Se não bastasse o fato de prestarem um péssimo serviço aos clientes e figurarem entre empresas mais reclamadas nos órgãos de defesa dos consumidores, TIM, Vivo e Claro passaram a integrar o foco da CPI dos Devedores da Câmara Municipal de São Paulo após acumularem mais de R$ 2,2 bilhões em débitos tributários inscritos na dívida ativa do município.
A comissão pretende entender por que esses valores permanecem sem solução, verificar a situação de cada cobrança e avaliar se parte desses recursos pode ser recuperada para os cofres públicos da capital paulista.
Por que a Câmara decidiu investigar o caso?
Segundo os vereadores que integram a CPI, a preocupação é o impacto que a recuperação desses valores poderia ter nas contas do município. A comissão busca esclarecer se as empresas vêm contestando os débitos na Justiça ou na esfera administrativa e quais fatores têm impedido a quitação ou o encerramento dos processos.
O objetivo da investigação é reunir informações antes de qualquer conclusão sobre a responsabilidade das companhias ou sobre a possibilidade de recuperação dos valores.
O que é a dívida ativa?
A dívida ativa reúne tributos e outras obrigações financeiras que deixaram de ser pagos após o vencimento e passaram a ser cobrados oficialmente pelo poder público.
Depois da inscrição, os valores podem ser cobrados judicialmente, negociados ou permanecer em discussão administrativa, dependendo da situação de cada processo. A existência de um débito inscrito na dívida ativa não significa, por si só, que não haja contestação por parte da empresa.

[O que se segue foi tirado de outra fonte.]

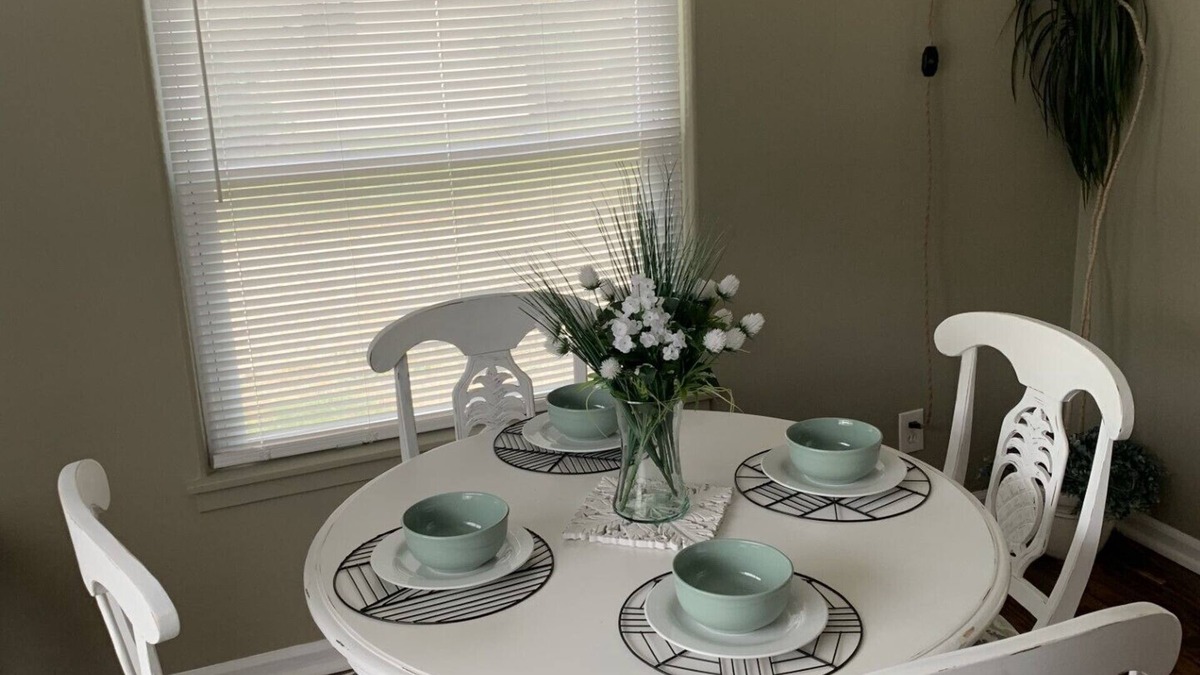 Lapeer House | Lovely Home located in Lapeer MI.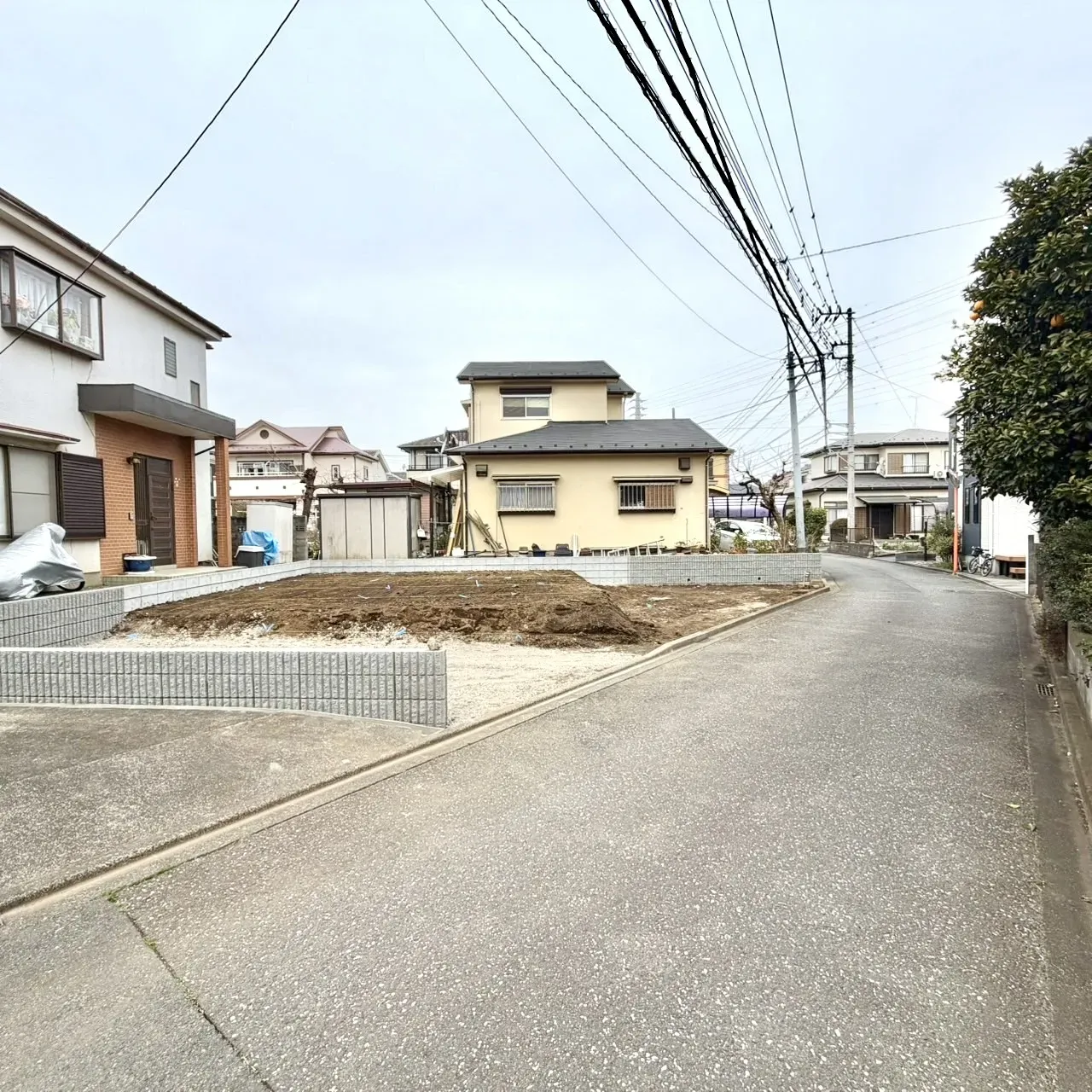 前面道路含む現地写真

Parte das cobranças pode estar sendo discutida
A própria CPI destaca que parte dos débitos pode estar sendo contestada pelas operadoras, seja na Justiça, seja na esfera administrativa. Por isso, a comissão pretende analisar a situação individual de cada cobrança antes de apresentar qualquer relatório final.
Esse levantamento deverá apontar quais valores são considerados definitivos, quais seguem em disputa e quais ainda podem ser objeto de negociação.
O que pode acontecer agora?
Nos próximos passos, a CPI poderá solicitar documentos, ouvir representantes das empresas e pedir esclarecimentos aos órgãos responsáveis pela cobrança da dívida ativa do município.
Dependendo das informações levantadas, a comissão poderá apresentar recomendações para acelerar a recuperação dos créditos públicos ou propor mudanças nos procedimentos de cobrança.
Até o momento, não há conclusão da CPI nem decisão definitiva sobre os débitos mencionados. As empresas têm o direito de contestar as cobranças pelos meios administrativos e judiciais previstos na legislação
O que dizem as empresas
O NcNews entrou em contato com as empresas citadas, mas até a veiculação desta reportagem não obteve retorno.
ENTENDA O CONTEXTO
A dívida ativa é formada por valores que deixaram de ser pagos ao poder público e passaram a ser cobrados oficialmente. Em muitos casos, esses débitos podem permanecer anos em discussão judicial ou administrativa antes de uma definição.
A CPI dos Devedores foi criada para analisar grandes débitos inscritos pelo município de São Paulo e verificar se há mecanismos que possam tornar a recuperação desses recursos mais eficiente. No caso das operadoras de telefonia, o interesse da comissão está no elevado montante envolvido e no potencial impacto que uma eventual recuperação desses valores poderia ter nas finanças da cidade.